The dispute stemmed from a now-famous chain of events, publicized by former Washington Post reporters Barton Gellman and Jo Becker. As he was about to withhold his recertification of the program on March 4, 2004, Attorney General Ashcroft suddenly fell ill and was admitted to George Washington University Hospital, where he eventually had emergency gall-bladder surgery. His deputy, James Comey, took over as acting attorney general and "communicated to the relevant parties at the White House" that Comey wouldn't sign off on the TSP, as he testified to Congress in 2007.

But now Bush says that only on the morning of March 10, the day before the program was due to expire, did he find out from his chief of staff, Andy Card, and from Vice President Dick Cheney, that there was a dispute over the TSP's future. And not until later that day did Card tell him that Ashcroft was in the hospital. The attorney general of the United States was possibly dying and for nearly a week the President knew nothing about it.

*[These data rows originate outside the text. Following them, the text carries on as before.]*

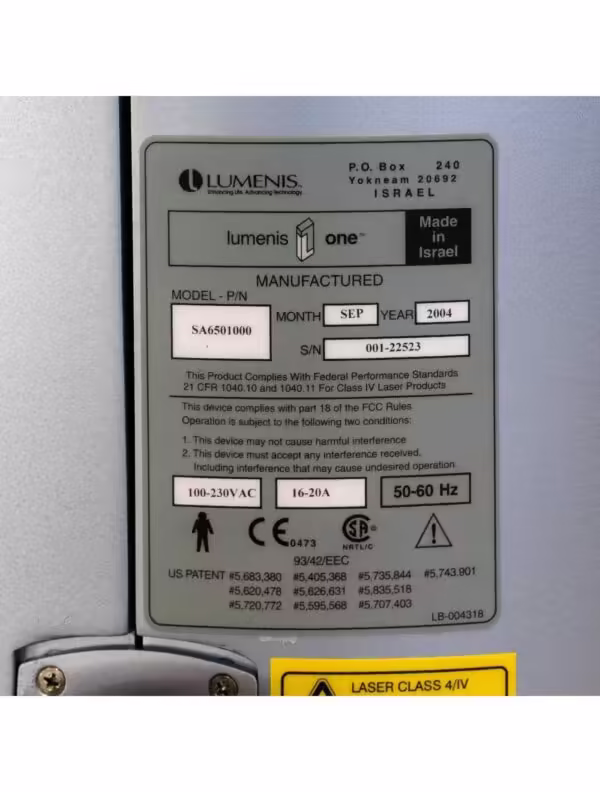 2004 Lumenis Lume One 1 IPL Laser SA6501000 Universal Handpiece Lume1 LumeOne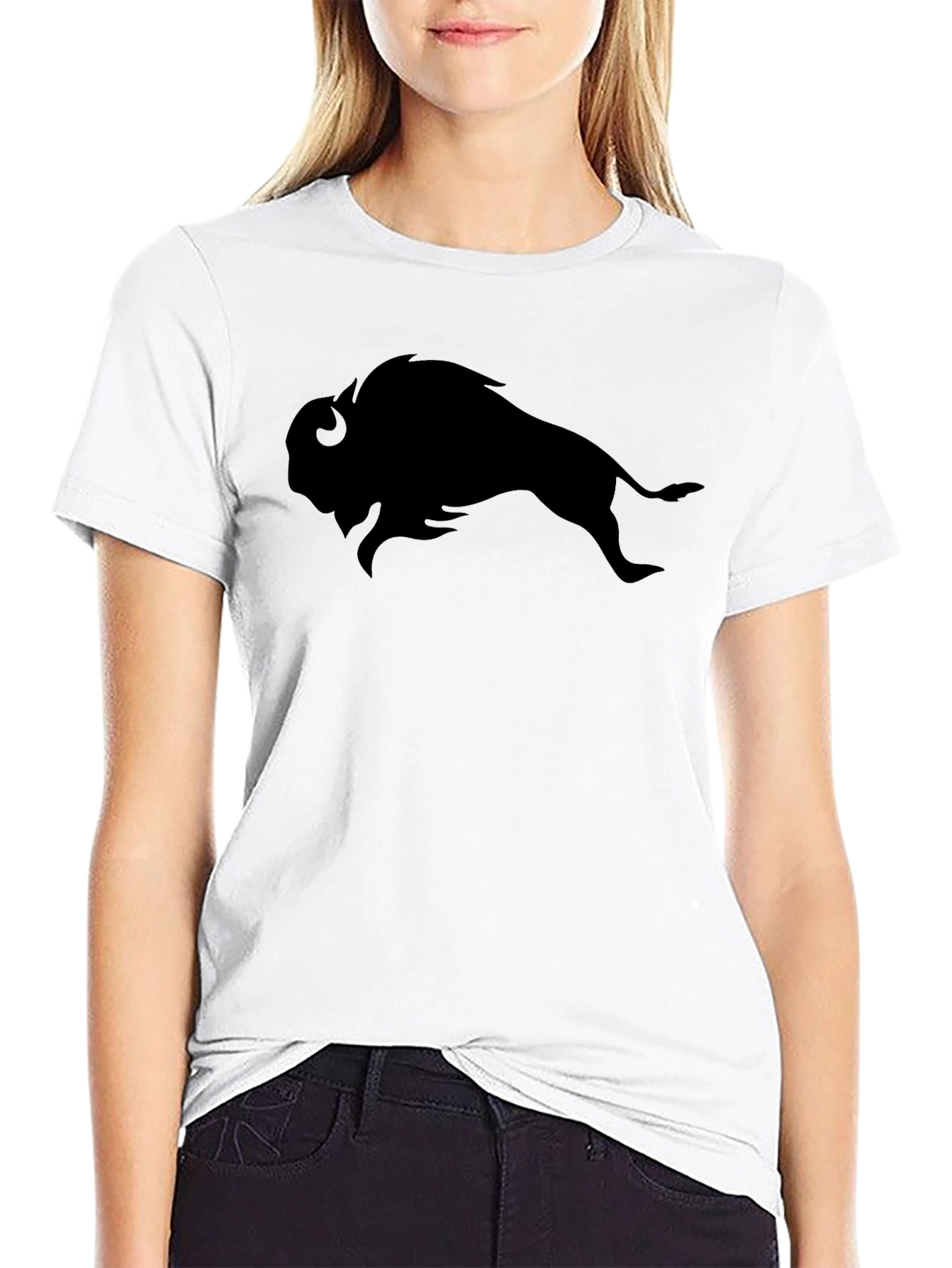 Black Buffalo Silhouette Black T-Shirt - Stylish Graphic Tee view 9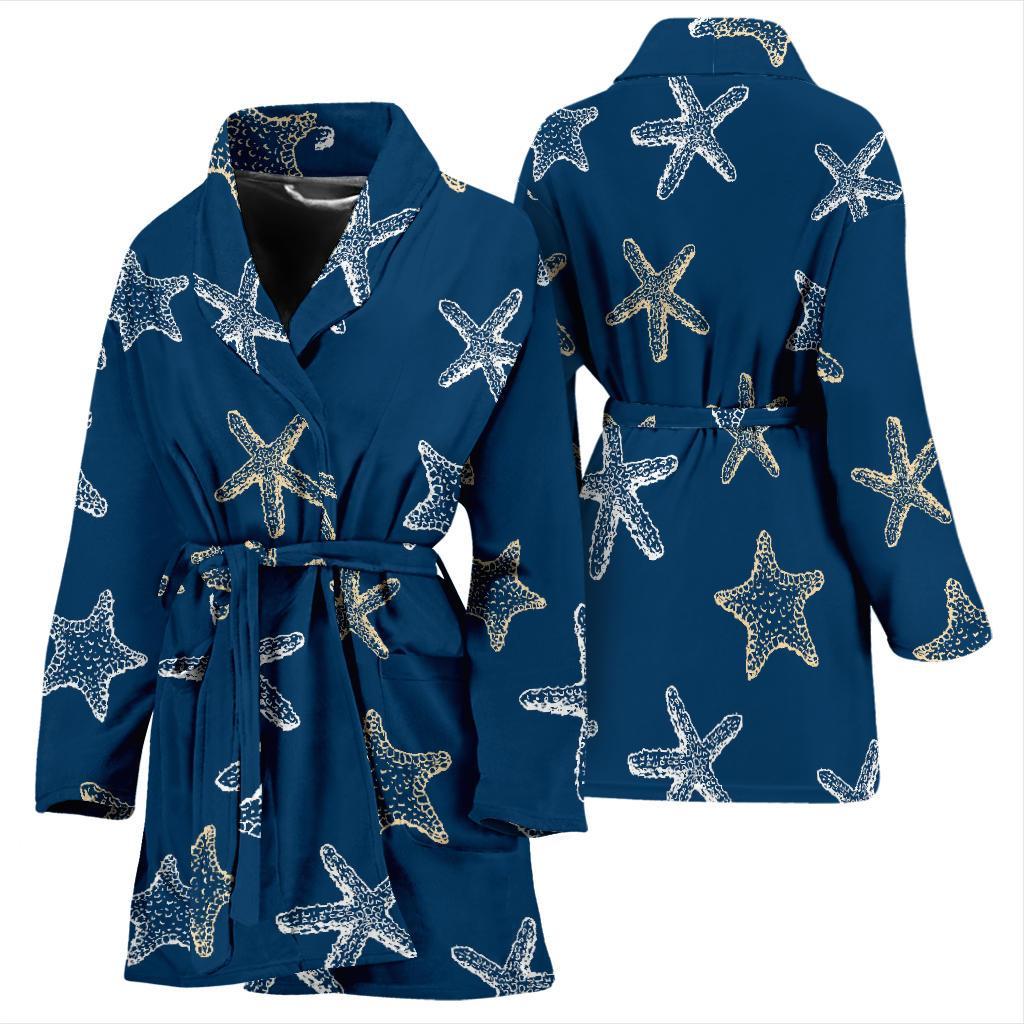 Starfish Pattern Print Women Long Robe-grizzshop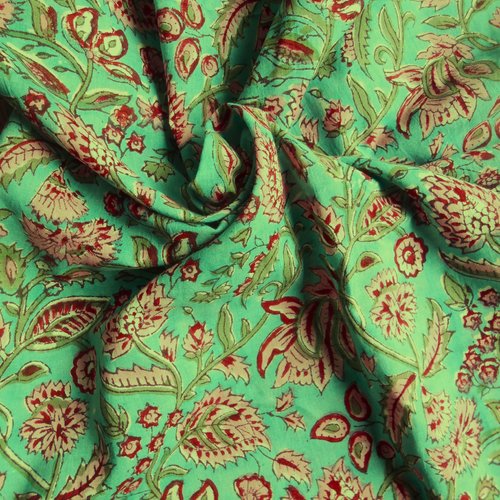 Tissu indien à la coupe coton inde imprimé main block print coton fleurs turquoise rose rouge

Every morning, Bush received a terrorism-threat update from Ashcroft and the FBI director. Didn’t the President notice Ashcroft’s absence? Bush says he didn’t learn until March 12 that Comey was in charge at Justice. “I was stunned,” the President admits. “Nobody told me.”

On March 10, with the program about to expire, Bush faced one of his “decision points” and signed off on the program without the attorney general’s blessing. Eventually, he relented to Comey’s demands and modified the surveillance so the officials who had threatened to resign could live with it—precisely how, we still don’t know. According to Bush, Card was in the dark as much as he. And nowhere does Bush explain what Cheney knew, when he knew it, and what he may have withheld from the President.

We’ve known for some years about Comey’s reservations and the fact that Bush didn’t realize how much trouble was brewing in his upper ranks. But only now do we find out from the President himself how ignorant he was of the imbroglio threatening his administration and how little he knew about who was running important programs. Many chroniclers of the Bush years, myself included, had long suspected that the President wasn’t in the driver’s seat on many important national-security decisions. I was stunned to find out that on this one, Bush wasn’t even in the car.